*** Information supplied ***
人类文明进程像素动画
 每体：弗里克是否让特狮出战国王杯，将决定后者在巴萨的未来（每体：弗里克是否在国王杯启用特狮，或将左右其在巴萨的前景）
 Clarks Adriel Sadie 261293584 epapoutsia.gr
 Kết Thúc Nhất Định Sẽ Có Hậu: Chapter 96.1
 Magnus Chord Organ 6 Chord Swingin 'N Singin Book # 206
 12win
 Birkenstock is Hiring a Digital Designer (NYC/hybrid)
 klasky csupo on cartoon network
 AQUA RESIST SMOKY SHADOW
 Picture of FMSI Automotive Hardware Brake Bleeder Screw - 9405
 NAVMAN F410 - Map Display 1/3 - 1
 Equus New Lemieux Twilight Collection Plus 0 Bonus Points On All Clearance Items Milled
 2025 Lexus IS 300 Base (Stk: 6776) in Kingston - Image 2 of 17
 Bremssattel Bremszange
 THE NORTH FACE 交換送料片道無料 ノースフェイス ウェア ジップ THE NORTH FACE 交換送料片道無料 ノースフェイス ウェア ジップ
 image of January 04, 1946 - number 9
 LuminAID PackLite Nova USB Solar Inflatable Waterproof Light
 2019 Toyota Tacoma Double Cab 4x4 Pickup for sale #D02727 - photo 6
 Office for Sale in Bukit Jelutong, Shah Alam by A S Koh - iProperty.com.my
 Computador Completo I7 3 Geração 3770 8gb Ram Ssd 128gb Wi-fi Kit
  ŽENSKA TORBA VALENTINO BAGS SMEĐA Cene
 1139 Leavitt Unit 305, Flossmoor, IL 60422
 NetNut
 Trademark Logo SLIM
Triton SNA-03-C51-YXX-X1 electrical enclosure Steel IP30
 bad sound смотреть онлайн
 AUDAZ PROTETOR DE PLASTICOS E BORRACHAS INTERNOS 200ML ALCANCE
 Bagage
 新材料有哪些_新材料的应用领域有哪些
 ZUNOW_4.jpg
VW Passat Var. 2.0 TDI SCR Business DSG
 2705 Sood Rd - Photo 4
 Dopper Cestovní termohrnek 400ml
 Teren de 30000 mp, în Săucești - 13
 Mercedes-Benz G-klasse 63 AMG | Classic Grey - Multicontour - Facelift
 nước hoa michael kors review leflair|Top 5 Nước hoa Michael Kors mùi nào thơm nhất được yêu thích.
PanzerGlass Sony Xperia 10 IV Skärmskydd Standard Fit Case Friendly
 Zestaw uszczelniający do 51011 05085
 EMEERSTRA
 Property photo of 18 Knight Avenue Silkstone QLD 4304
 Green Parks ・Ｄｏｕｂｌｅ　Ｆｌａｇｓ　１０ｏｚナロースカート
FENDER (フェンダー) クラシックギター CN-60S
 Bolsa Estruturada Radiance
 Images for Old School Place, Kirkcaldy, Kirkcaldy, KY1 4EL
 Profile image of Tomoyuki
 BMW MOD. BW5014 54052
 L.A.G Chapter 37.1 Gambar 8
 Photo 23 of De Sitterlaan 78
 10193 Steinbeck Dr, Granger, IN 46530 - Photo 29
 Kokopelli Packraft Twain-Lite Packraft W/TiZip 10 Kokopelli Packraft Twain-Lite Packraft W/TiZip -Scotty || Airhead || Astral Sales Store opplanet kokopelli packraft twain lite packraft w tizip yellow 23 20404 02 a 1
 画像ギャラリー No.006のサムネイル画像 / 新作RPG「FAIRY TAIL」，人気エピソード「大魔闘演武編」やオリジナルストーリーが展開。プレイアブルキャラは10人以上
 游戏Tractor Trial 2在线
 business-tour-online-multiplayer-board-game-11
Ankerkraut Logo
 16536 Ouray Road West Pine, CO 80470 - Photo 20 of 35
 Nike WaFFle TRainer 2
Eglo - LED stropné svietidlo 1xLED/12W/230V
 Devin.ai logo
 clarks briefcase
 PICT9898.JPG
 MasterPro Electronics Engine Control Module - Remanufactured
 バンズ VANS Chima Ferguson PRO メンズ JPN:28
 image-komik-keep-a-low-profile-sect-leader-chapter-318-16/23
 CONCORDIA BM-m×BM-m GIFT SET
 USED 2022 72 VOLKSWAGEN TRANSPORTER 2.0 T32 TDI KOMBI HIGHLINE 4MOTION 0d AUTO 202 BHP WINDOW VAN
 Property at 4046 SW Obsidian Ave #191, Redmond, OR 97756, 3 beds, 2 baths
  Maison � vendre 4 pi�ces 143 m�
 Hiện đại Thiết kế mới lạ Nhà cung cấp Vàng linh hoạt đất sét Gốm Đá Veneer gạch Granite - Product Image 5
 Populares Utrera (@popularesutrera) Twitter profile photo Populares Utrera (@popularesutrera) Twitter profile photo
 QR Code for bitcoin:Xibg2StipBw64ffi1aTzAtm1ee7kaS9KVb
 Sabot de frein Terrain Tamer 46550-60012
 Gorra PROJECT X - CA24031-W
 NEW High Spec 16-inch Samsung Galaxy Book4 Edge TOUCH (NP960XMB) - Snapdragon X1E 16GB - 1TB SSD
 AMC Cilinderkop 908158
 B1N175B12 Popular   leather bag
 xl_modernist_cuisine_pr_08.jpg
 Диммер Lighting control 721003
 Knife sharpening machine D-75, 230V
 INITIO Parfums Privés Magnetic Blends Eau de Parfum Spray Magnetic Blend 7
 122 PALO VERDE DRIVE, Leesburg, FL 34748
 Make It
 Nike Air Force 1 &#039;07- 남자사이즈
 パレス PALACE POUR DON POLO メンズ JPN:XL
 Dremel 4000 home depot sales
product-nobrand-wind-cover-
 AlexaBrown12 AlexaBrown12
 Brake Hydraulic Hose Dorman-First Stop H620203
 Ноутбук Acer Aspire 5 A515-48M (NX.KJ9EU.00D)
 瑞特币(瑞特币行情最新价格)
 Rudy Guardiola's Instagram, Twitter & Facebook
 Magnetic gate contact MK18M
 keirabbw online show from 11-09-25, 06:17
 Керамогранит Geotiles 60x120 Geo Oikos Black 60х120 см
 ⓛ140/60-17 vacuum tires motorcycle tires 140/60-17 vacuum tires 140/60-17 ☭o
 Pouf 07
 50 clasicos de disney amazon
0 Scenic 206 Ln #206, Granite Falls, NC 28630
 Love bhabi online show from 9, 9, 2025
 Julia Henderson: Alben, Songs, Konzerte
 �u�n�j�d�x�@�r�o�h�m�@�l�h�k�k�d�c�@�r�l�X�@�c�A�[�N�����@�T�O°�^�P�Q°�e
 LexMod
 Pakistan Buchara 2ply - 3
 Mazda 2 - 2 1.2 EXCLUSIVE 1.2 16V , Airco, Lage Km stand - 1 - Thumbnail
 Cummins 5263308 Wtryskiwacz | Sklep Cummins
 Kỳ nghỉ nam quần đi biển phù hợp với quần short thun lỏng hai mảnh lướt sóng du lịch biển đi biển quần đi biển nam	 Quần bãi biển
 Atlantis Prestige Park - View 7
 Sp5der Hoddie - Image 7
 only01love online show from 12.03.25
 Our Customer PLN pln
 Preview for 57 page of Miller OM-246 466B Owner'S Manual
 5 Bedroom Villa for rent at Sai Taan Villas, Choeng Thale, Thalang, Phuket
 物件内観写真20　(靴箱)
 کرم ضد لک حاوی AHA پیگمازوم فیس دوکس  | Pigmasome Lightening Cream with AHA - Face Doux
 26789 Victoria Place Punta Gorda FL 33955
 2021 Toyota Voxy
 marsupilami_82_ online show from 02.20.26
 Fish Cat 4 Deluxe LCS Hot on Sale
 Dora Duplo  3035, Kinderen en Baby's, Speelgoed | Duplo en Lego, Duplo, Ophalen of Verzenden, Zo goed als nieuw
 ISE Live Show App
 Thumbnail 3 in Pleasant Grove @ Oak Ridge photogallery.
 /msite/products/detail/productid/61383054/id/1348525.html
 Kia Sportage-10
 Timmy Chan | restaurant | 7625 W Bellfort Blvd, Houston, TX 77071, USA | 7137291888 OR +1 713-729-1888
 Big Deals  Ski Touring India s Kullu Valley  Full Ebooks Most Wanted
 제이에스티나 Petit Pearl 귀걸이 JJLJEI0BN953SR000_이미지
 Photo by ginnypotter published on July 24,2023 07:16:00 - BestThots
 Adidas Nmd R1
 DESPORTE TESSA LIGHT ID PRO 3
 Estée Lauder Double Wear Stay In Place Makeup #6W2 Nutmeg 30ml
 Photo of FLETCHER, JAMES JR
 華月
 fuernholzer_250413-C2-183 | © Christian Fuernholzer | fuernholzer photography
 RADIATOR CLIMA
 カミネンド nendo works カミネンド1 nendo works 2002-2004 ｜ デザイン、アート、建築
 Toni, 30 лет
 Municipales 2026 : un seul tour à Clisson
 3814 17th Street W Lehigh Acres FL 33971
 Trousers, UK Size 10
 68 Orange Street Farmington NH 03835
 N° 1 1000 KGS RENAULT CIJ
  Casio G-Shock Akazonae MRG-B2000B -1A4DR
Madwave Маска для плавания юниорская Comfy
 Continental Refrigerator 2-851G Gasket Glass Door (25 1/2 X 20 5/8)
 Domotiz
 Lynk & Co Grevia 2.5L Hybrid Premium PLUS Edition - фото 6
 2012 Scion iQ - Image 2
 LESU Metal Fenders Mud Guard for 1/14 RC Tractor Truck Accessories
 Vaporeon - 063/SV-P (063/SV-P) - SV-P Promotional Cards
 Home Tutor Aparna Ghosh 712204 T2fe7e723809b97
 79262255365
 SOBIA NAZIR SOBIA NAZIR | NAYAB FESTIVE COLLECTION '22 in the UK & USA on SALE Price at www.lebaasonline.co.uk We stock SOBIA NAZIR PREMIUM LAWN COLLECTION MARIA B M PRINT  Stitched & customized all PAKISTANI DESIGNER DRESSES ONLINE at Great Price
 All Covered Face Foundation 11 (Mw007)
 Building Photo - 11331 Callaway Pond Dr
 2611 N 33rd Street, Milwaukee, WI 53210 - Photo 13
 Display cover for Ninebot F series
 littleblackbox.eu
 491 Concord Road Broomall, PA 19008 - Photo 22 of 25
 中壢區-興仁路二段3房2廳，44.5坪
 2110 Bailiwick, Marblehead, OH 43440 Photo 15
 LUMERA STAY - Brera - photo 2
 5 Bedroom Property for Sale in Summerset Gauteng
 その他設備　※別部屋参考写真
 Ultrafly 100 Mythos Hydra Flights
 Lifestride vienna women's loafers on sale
***
**What the task requires:** From the first line above through the line that contains "Picture of FMSI", quote each line exactly. Output nothing more.

**Task response:**
人类文明进程像素动画
 每体：弗里克是否让特狮出战国王杯，将决定后者在巴萨的未来（每体：弗里克是否在国王杯启用特狮，或将左右其在巴萨的前景）
 Clarks Adriel Sadie 261293584 epapoutsia.gr
 Kết Thúc Nhất Định Sẽ Có Hậu: Chapter 96.1
 Magnus Chord Organ 6 Chord Swingin 'N Singin Book # 206
 12win
 Birkenstock is Hiring a Digital Designer (NYC/hybrid)
 klasky csupo on cartoon network
 AQUA RESIST SMOKY SHADOW
 Picture of FMSI Automotive Hardware Brake Bleeder Screw - 9405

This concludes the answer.